1. A method of aluminum processing, comprising the steps of anodizing an aluminum body having an exposed surface for fonning on the latter a porous anodic layer; producing on said layer at least one figure with an ink comprising an organic pigment and an alkaliand acid-resistant vehicle selected from the group composed of rubber and natural and synthetic resins; allowing the pigment to sediment into the pores of said layer while the vehicle is retained on and covers portions of the layer which correspond to the figure; steeping the aluminum body in an etching solution to etch the exposed surface where the latter is not covered by the retained vehicle, thereby leaving a colored figure in relief corresponding to the covered portions; and removing the retained vehicle from the previously covered portions of said layer.
2. A method as defined in claim 1, wherein said vehicle is predominantly composed of rubber.
3. A method as defined in claim 1, wherein said vehicle is predominantly composed of synthetic resin material.
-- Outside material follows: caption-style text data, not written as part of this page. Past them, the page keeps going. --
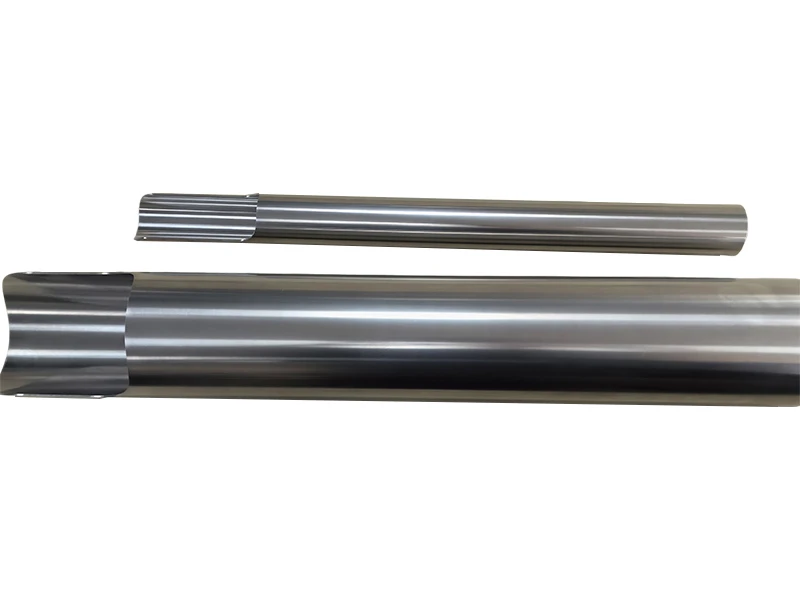 Ống hợp kim titan liền mạch Gr5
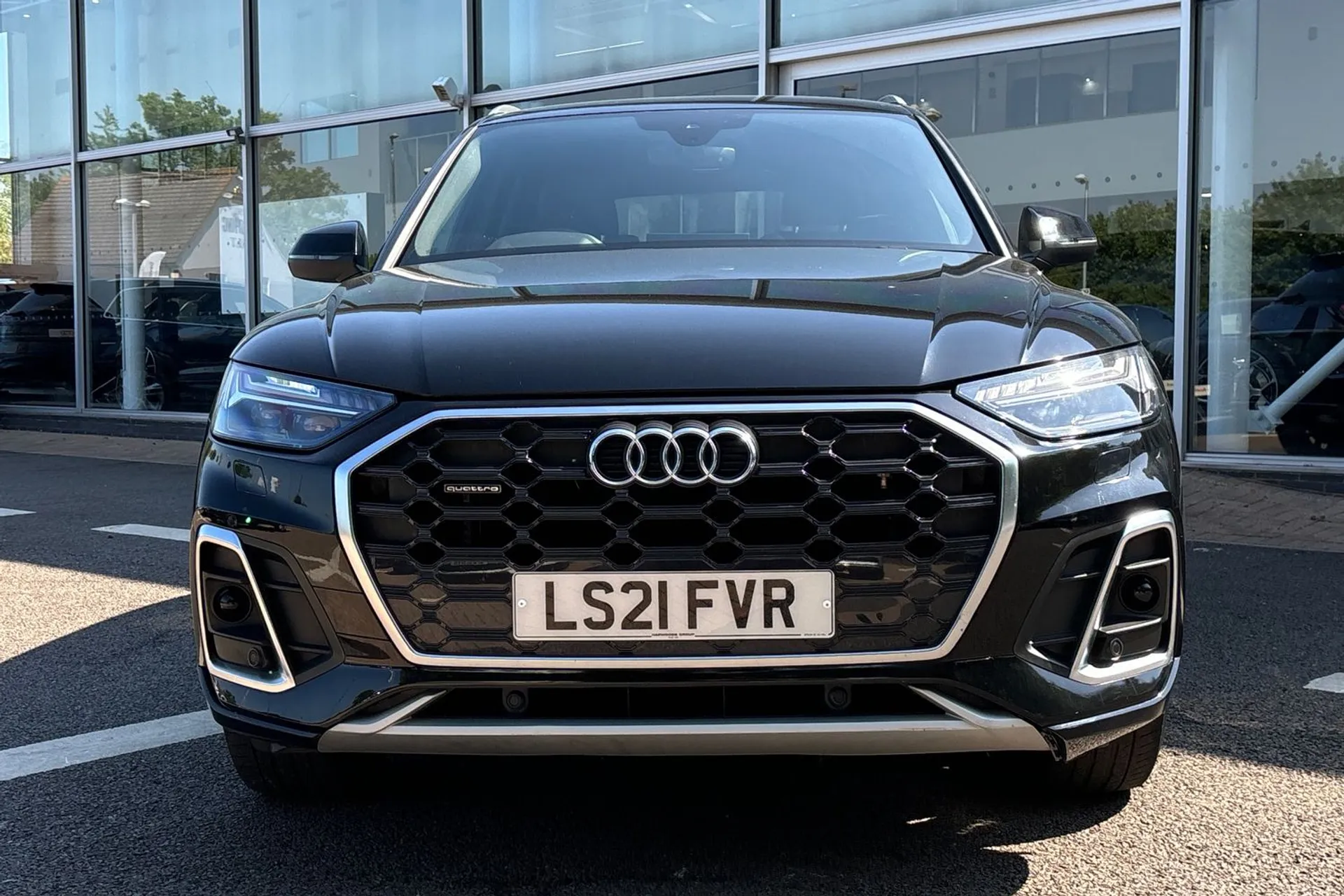 Audi Q5 thumbnail image number 12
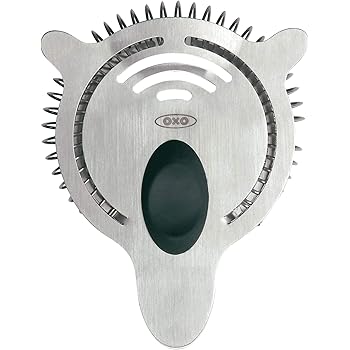 OXO SteeL Cocktail Strainer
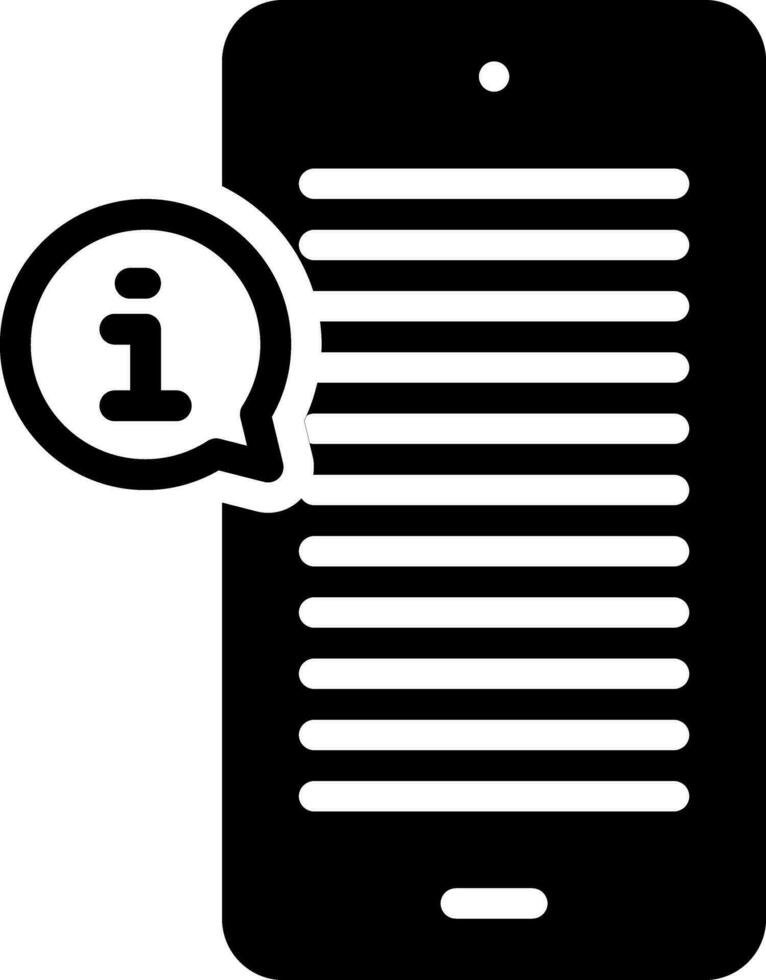 solid icon for dock vector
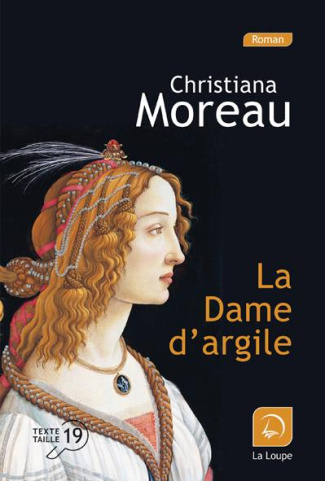 La dame d'argile [EDITION EN GROS CARACTERES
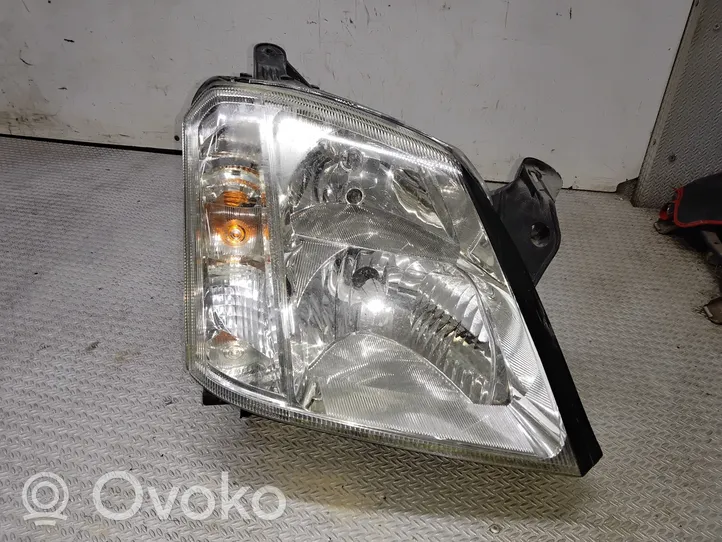 Opel Meriva A Faro delantero/faro principal 93321053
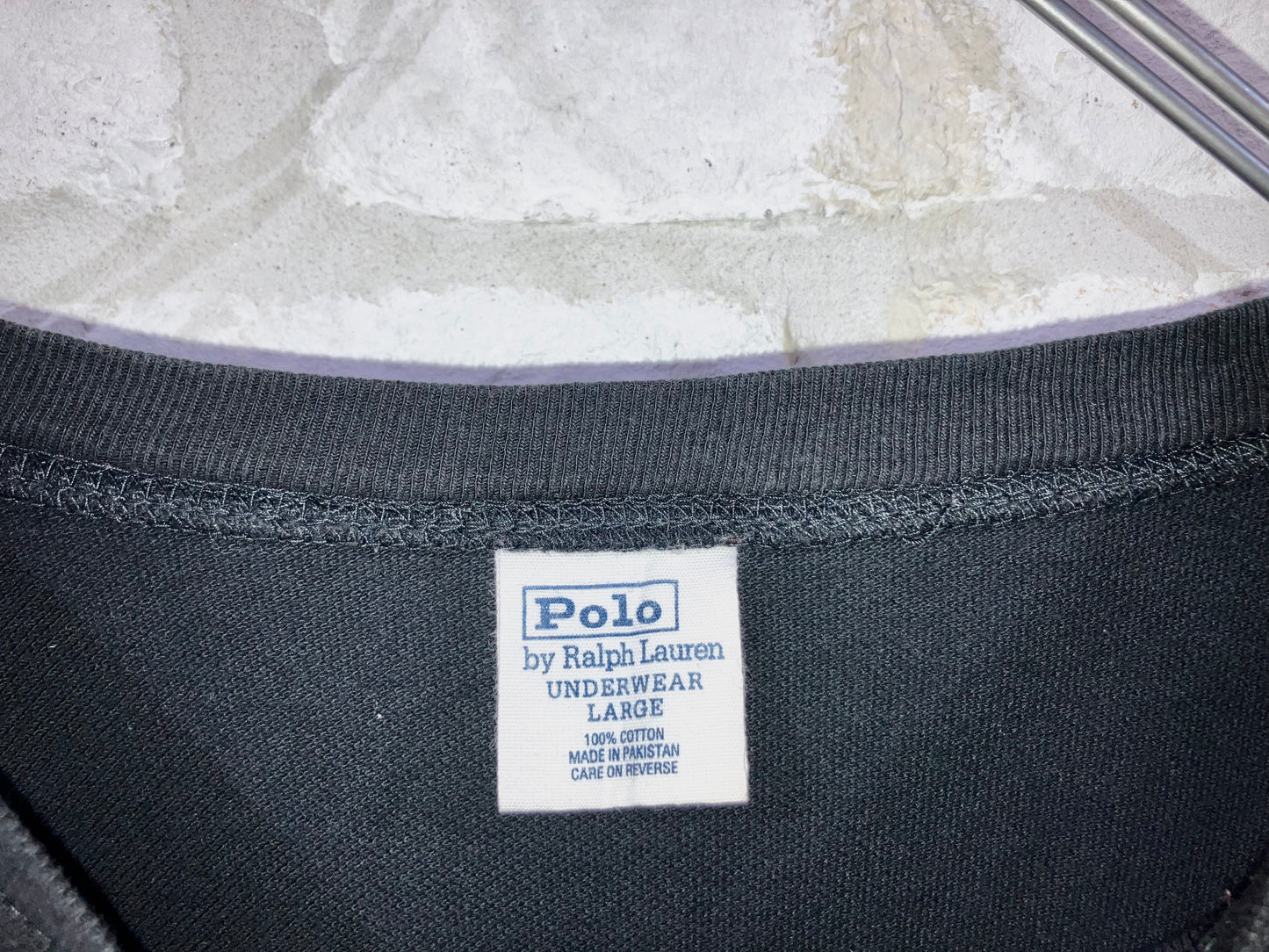 "Polo by Ralph Lauren" Old Kanoko Tee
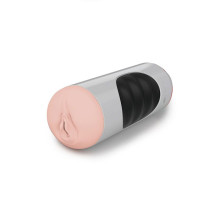 Мастурбатор-вагина Mega Grip Vibrating Stroker Pussy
4. A method as defined in claim 1, said organic pigment comprising oil colors.
5. A method as defined in claim 1, wherein said aluminum body is an aluminum foil; and further comprising the steps of bonding the aluminum foil to a surface of an article of material resistant to acid and alkali prior to anodizing; and steeping the article with the anodized aluminum foil in an etching solution until said aluminum foil is completely removed except for said figure.
6. A method as defined in claim 5. wherein said article is a coating on an object which is not resistant to acid and alkali.
7. A method of aluminum processing, comprising the steps of bonding an aluminum foil to a surface of an article which is resistant to acid and alkali at least at such surface; anodizing the aluminum foil and forming on the same a porous anodic layer; producing on said layer at least one figure with an ink comprising an organic pigment and an alkaliand acid-resistant vehicle; selected from the group composed of rubber and natural and synthetic resins; allowing the pigment to sediment into the pores of said layer while the vehicle is retained on and covers portions of the layer which correspond to the figure; steeping the article and aluminum foil in an etching solution to remove the aluminum foil completely except for the portions of said layer covered by the retained vehicle, thereby leaving on said surface of said article a colored figure in relief; and removing the retained vehicle.